In 2017, AETS was awarded a contract by the European Bank for Reconstruction and Development (EBRD) to provide technical assistance for the improvement of equal opportunities and practices in the Turkish electricity distribution company, TREDAS and the electricity retail company TREPAS, both of which are owned by the Turkish ICEL group. This 18-month project, which was undertaken by the GEDH department, aimed to increase the number of women in the TREDAS and TREPAS workforce and ensure a women-friendly workplace environment.

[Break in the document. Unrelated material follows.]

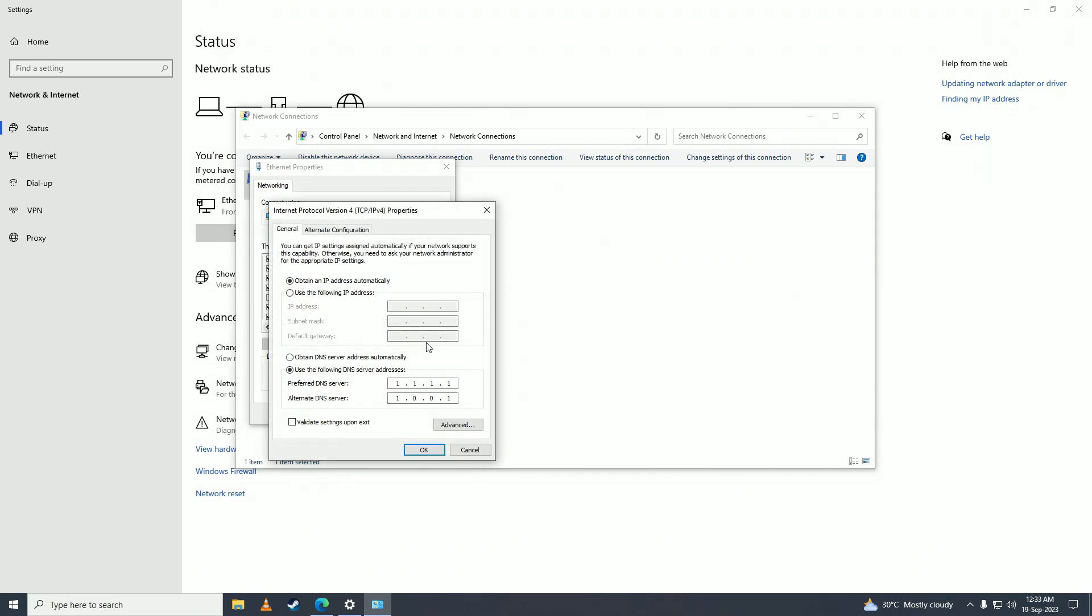And here you're going to put this DNS in: 1.1.1.1 and 0.0.1. Press OK, close.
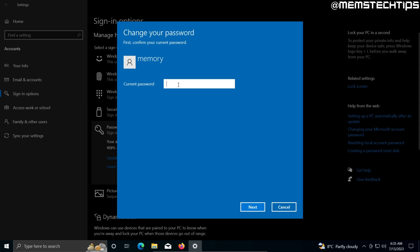First, you'll need to enter your current password, so go ahead and do that. Once you've entered your current password, just click on next.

Now, following the technical assistance provided by AETS in the scope of this project, TREDAS and TREPAS have been awarded the gold award for Environmental & Social Best Practice at the 2019 EBRD Sustainability Awards.
The project was, from the get-go, set in a difficult gender labour context, with Turkey ranking the lowest across EBRD Countries of Operations with a meagre 37.5% of female labour force participation in 2017 (in contrast with 78.2% of men). The low result in terms of female labour force participation is usually linked to persistent occupational segregation in terms of gender and social norms relating to women’s roles as mothers and caregivers. In addition, TREDAS and TREPAS, are companies in a traditionally male-dominated sector (the power sector). TREDAS began the process with a very low rate of female employment of (15%), compared to the global best practice of up to 25%. Only 1% of employees in technical roles and 12% in engineering roles were women. Although TREPAS boasted a superior rate of female employment (51%), women only held 1 in 13 management positions.
With the technical assistance provided by AETS, TREDAS and TREPAS were able to develop and implement an ambitious Equal Opportunities Programme and Gender Action Plan. The EBRD-funded project enabled TREDAS and TREPAS to widen their capacity building activities to employees of all levels and allowed the companies to introduce some innovative solutions to barriers faced by women, such as activities for secondary school pupils which can help create qualified female candidates for the future. Practices such as encouraging work-life balance, ensuring access to learning opportunities, collecting gender satisfaction data and allowing for anonymous reporting of ethical violations were also introduced.